Not to mention, it's nice to have an OOP language back. I've missed classes, and I my mind has matured to the point that I can now understand all the basic functions of c++, including classes, pointers & references, inheritance, etc. Hopefully my new neural net engine will prove it.

Artificial Neural Networks (ANNs)

I've recently begun working with computational structures called artificial neural networks (ANNs). I have read many articles concerning them and am now working on several books covering the basic of ANNs. I generally am not much on such micro-scale computation (ANNs comprise tiny, tiny computational blocks that must be assembled by the hundreds to perform real-world functions), but I figured I need to have experience working with each and every technique of algorithmic composition. My background in systems which learn has been relatively weak until now.

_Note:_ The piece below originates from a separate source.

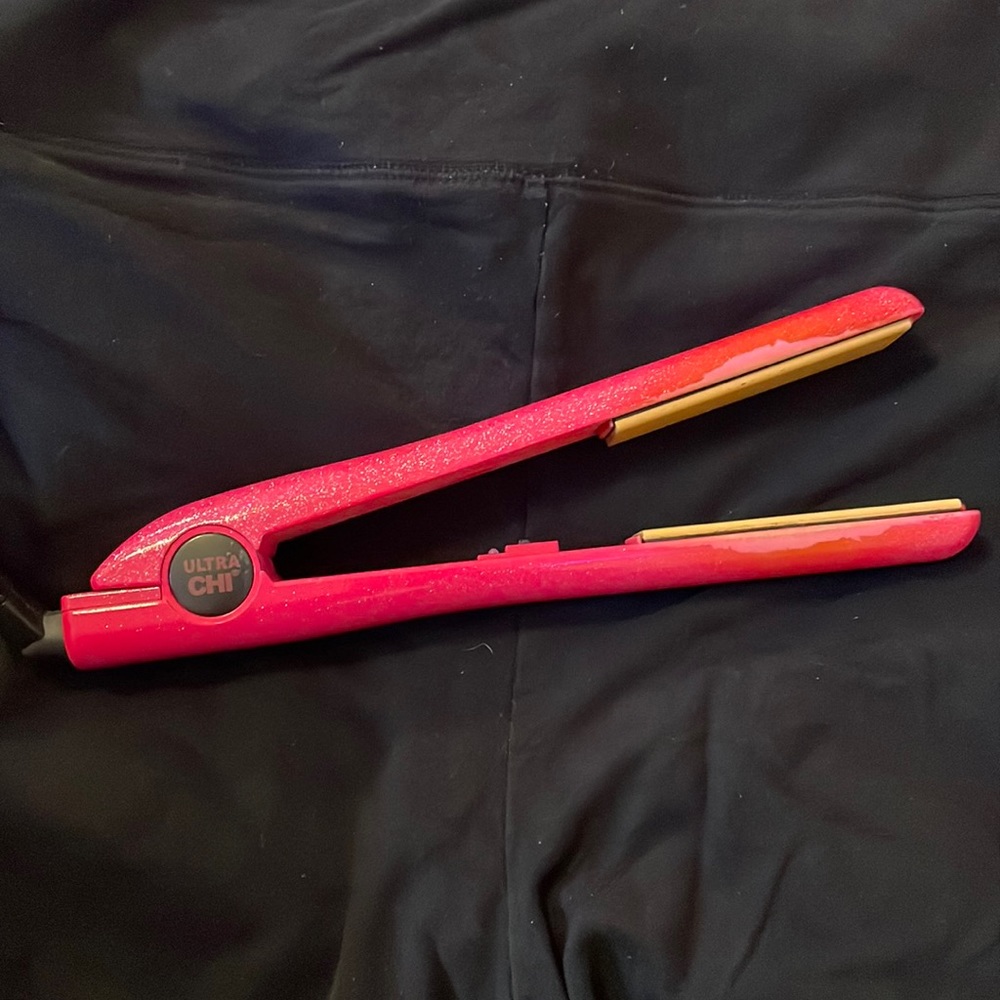 sparkly pink ultra chi flat iron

Surprisingly, I managed to achieve some very interested graphical results with some rudimentary neural nets. Unfortunately, as is the case with fractals, interesting imagery does not necessarily translate into interesting music. I'll try not to get pulled into that trap of sacrificing musical quality for interesting computation structures.

Neural Networks - Emulating Human Creativity

Upon finding the article Algorithmic Composition and Reductionist Analysis: Can a Machine Compose? I immediately got excited. The author gives a great overview of algorithmic composition and details his own endeavors into the field.

In particular, the author touches on the concept of heuristic algorithms - including both genetic algorithms and neural networks - that slowly approach a desired solution by having a human evaluator determine the fitness of the system. I found the following quote astounding:

"A researcher trained a neural network to recognize makes of car from a photograph, and he decided to look inside the network at the individual neurons, rather than regarding it as a "black box" that somehow worked for some incomprehensible reason. He found that certain areas of the network were specializing into recognizing certain features of the car, and, by introducing a level of random "noise" into the network, got the network to design its own cars."

And finally, the author's take on algorithmic composition and creativity:

"I have always felt very uneasy about throwing any musical ideas away, as it would amount to destroying something that I think is unique. But, if computer composition took over to a degree, would the 'preservation people' be content with the idea that the music exists, somewhere, within the set of possibilities? May I delete Clara Empricost's symphony with impunity, once it has generated it? Should I preserve the algorithm and the random number seeds somewhere? An interesting set of problems."